Like most Caucasian Americans I grew up thinking that I was Irish. It wasn’t until I was 15 or 16 that my mother sat me down one day and explained that one of her cousins had done some research and discovered that we were not Irish after all. No, it turned out that we were Scottish, and also probably a little bit black. With a sigh of regret for my lost Irish heritage, I decided to embrace my newfound nationality and ethnicity by regularly scanning the ground for four leaf clovers and reading all of Toni Morrison’s books. The end result being that most of my friends now have dried four leaf clovers affixed to their drivers licenses, and I went through college as the whitest Scottish black girl to ever get a degree in African American studies (true story).
Like any good Scottish girl traveling back to her native land I wanted to look my best, and so I packed: two pairs of strappy sandals, three strappy sundresses, one skirt, lots of tank tops, my bathing suit, some sun screen, and one sweater (just in case). It WAS June after all, but I discovered two things very quickly: a) I am unequivocally American, and b) I was going to spend the next two weeks being very, very, very cold.
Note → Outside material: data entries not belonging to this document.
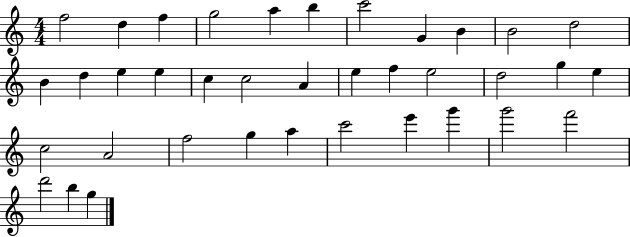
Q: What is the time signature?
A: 4/4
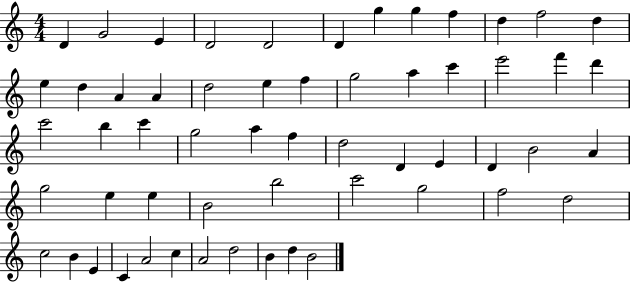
D4/q G4/h E4/q D4/h D4/h D4/q G5/q G5/q F5/q D5/q F5/h D5/q E5/q D5/q A4/q A4/q D5/h E5/q F5/q G5/h A5/q C6/q E6/h F6/q D6/q C6/h B5/q C6/q G5/h A5/q F5/q D5/h D4/q E4/q D4/q B4/h A4/q G5/h E5/q E5/q B4/h B5/h C6/h G5/h F5/h D5/h C5/h B4/q E4/q C4/q A4/h C5/q A4/h D5/h B4/q D5/q B4/h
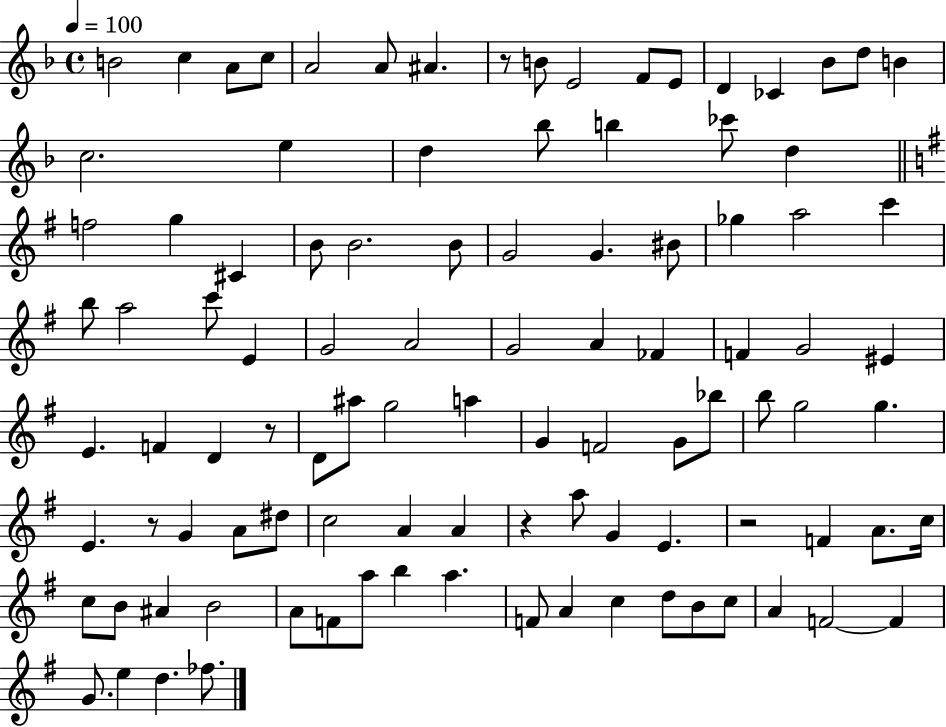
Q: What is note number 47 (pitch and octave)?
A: EIS4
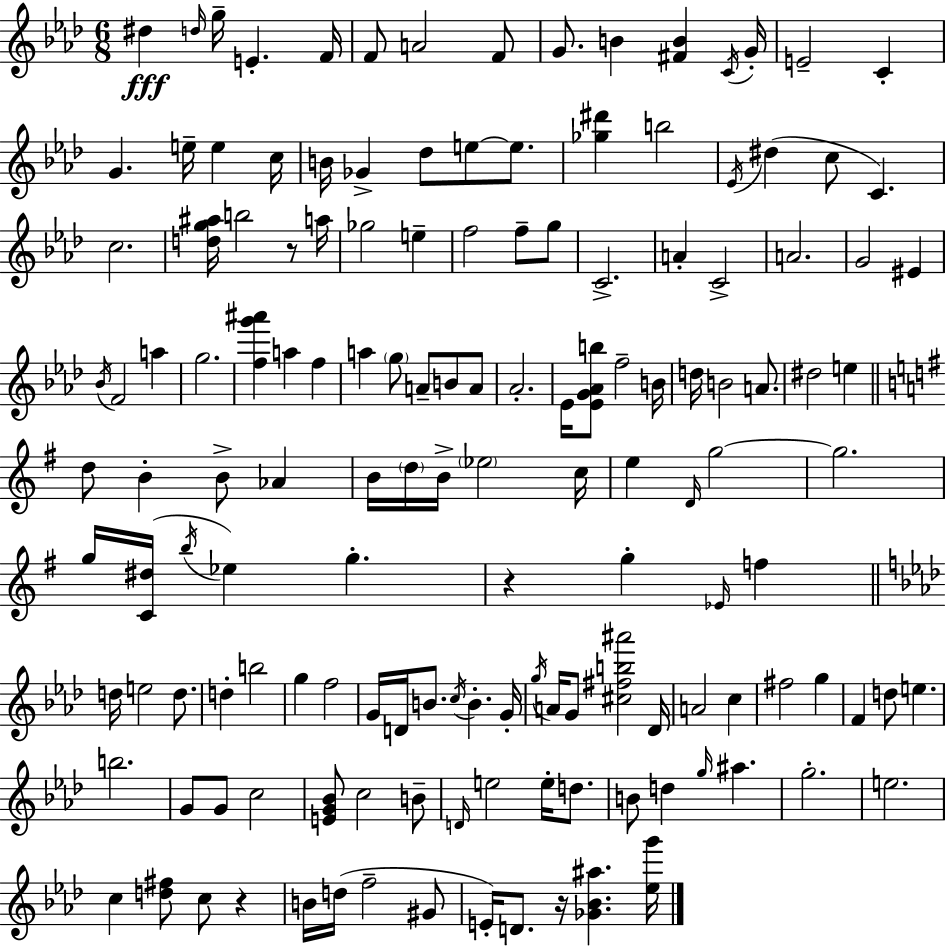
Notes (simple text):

D#5/q D5/s G5/s E4/q. F4/s F4/e A4/h F4/e G4/e. B4/q [F#4,B4]/q C4/s G4/s E4/h C4/q G4/q. E5/s E5/q C5/s B4/s Gb4/q Db5/e E5/e E5/e. [Gb5,D#6]/q B5/h Eb4/s D#5/q C5/e C4/q. C5/h. [D5,G5,A#5]/s B5/h R/e A5/s Gb5/h E5/q F5/h F5/e G5/e C4/h. A4/q C4/h A4/h. G4/h EIS4/q Bb4/s F4/h A5/q G5/h. [F5,G6,A#6]/q A5/q F5/q A5/q G5/e A4/e B4/e A4/e Ab4/h. Eb4/s [Eb4,G4,Ab4,B5]/e F5/h B4/s D5/s B4/h A4/e. D#5/h E5/q D5/e B4/q B4/e Ab4/q B4/s D5/s B4/s Eb5/h C5/s E5/q D4/s G5/h G5/h. G5/s [C4,D#5]/s B5/s Eb5/q G5/q. R/q G5/q Eb4/s F5/q D5/s E5/h D5/e. D5/q B5/h G5/q F5/h G4/s D4/s B4/e. C5/s B4/q. G4/s G5/s A4/s G4/e [C#5,F#5,B5,A#6]/h Db4/s A4/h C5/q F#5/h G5/q F4/q D5/e E5/q. B5/h. G4/e G4/e C5/h [E4,G4,Bb4]/e C5/h B4/e D4/s E5/h E5/s D5/e. B4/e D5/q G5/s A#5/q. G5/h. E5/h. C5/q [D5,F#5]/e C5/e R/q B4/s D5/s F5/h G#4/e E4/s D4/e. R/s [Gb4,Bb4,A#5]/q. [Eb5,G6]/s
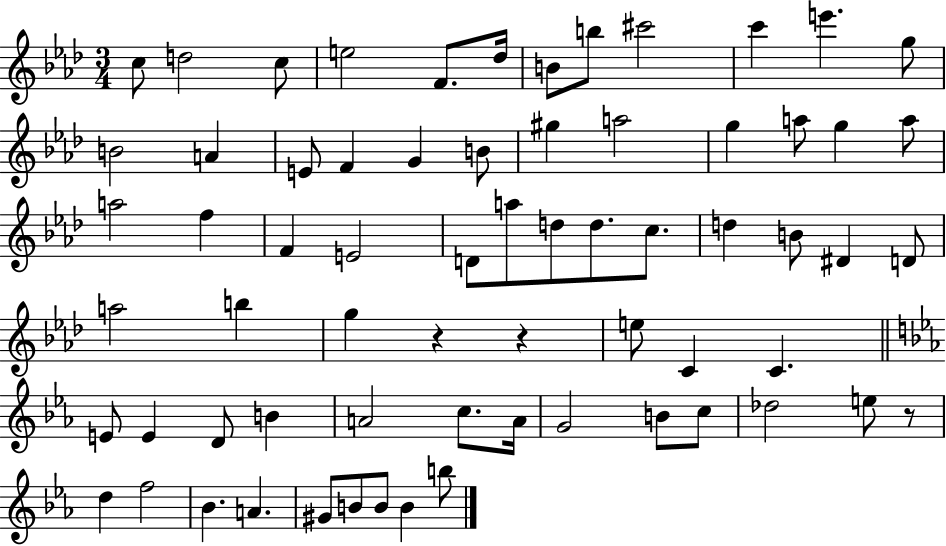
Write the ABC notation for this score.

X:1
T:Untitled
M:3/4
L:1/4
K:Ab
c/2 d2 c/2 e2 F/2 _d/4 B/2 b/2 ^c'2 c' e' g/2 B2 A E/2 F G B/2 ^g a2 g a/2 g a/2 a2 f F E2 D/2 a/2 d/2 d/2 c/2 d B/2 ^D D/2 a2 b g z z e/2 C C E/2 E D/2 B A2 c/2 A/4 G2 B/2 c/2 _d2 e/2 z/2 d f2 _B A ^G/2 B/2 B/2 B b/2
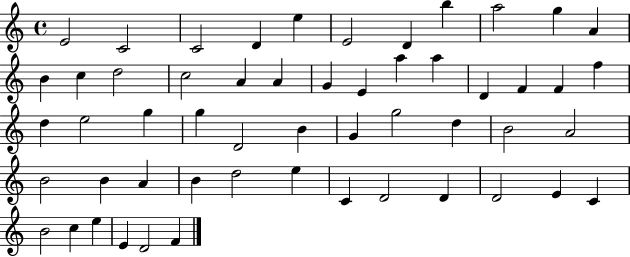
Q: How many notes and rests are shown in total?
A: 54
For me the hardest bit is imagining never being properly hot again, or going swimming after the sun goes down, or tubing with my friends down a mountain river. I wanted to teach my hopeful-future-children how to ride waves and float on their backs in the ocean, and afterwards I wanted to take them out for ice cream while their skin is still warm and glowing from over exposure to the sun. Here are the time honored American traditions that were passed down to me through the generations, but somehow I can already feel them being devoured by the icy waters of the North Sea.